[SUPPLIED MATERIAL]
══════════════════════════════

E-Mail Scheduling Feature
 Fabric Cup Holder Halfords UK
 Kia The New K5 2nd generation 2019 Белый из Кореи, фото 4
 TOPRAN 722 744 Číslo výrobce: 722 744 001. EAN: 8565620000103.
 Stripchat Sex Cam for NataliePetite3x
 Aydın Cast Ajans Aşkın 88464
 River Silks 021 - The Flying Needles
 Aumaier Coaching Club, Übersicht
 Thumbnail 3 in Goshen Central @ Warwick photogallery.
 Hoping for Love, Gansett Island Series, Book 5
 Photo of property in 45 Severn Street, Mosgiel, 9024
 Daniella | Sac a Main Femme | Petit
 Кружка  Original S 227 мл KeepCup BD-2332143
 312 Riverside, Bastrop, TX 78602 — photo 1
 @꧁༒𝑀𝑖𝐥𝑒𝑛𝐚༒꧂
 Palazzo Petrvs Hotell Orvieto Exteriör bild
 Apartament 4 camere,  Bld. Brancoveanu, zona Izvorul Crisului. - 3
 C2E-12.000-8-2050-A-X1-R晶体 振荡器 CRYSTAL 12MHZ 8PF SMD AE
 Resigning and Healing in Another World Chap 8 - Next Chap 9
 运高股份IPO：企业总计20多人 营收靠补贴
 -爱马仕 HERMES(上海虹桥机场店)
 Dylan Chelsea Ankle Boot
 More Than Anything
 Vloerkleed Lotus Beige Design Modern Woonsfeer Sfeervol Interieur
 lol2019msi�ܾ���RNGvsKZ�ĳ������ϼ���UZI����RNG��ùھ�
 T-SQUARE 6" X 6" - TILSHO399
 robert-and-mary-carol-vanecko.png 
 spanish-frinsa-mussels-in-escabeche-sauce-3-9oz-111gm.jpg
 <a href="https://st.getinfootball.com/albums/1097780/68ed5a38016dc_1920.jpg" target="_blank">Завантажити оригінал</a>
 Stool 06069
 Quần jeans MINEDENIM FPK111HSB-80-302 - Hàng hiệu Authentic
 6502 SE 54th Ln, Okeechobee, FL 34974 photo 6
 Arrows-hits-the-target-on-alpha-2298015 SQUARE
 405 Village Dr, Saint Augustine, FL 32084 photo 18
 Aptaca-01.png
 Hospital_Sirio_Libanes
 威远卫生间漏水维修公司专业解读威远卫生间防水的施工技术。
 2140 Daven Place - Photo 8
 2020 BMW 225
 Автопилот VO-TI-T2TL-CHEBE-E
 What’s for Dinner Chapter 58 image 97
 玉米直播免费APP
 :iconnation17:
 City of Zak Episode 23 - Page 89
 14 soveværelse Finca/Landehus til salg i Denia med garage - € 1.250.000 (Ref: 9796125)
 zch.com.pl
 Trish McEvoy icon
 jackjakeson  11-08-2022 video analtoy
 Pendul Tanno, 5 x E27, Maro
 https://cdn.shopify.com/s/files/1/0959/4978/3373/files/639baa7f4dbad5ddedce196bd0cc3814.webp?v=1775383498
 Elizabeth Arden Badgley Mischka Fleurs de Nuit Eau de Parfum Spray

══════════════════════════════

[WHAT YOU HAVE TO DO] Pick out each line above that includes "target" and show it.

[COMPLETED EXERCISE]
 <a href="https://st.getinfootball.com/albums/1097780/68ed5a38016dc_1920.jpg" target="_blank">Завантажити оригінал</a>
 Arrows-hits-the-target-on-alpha-2298015 SQUARE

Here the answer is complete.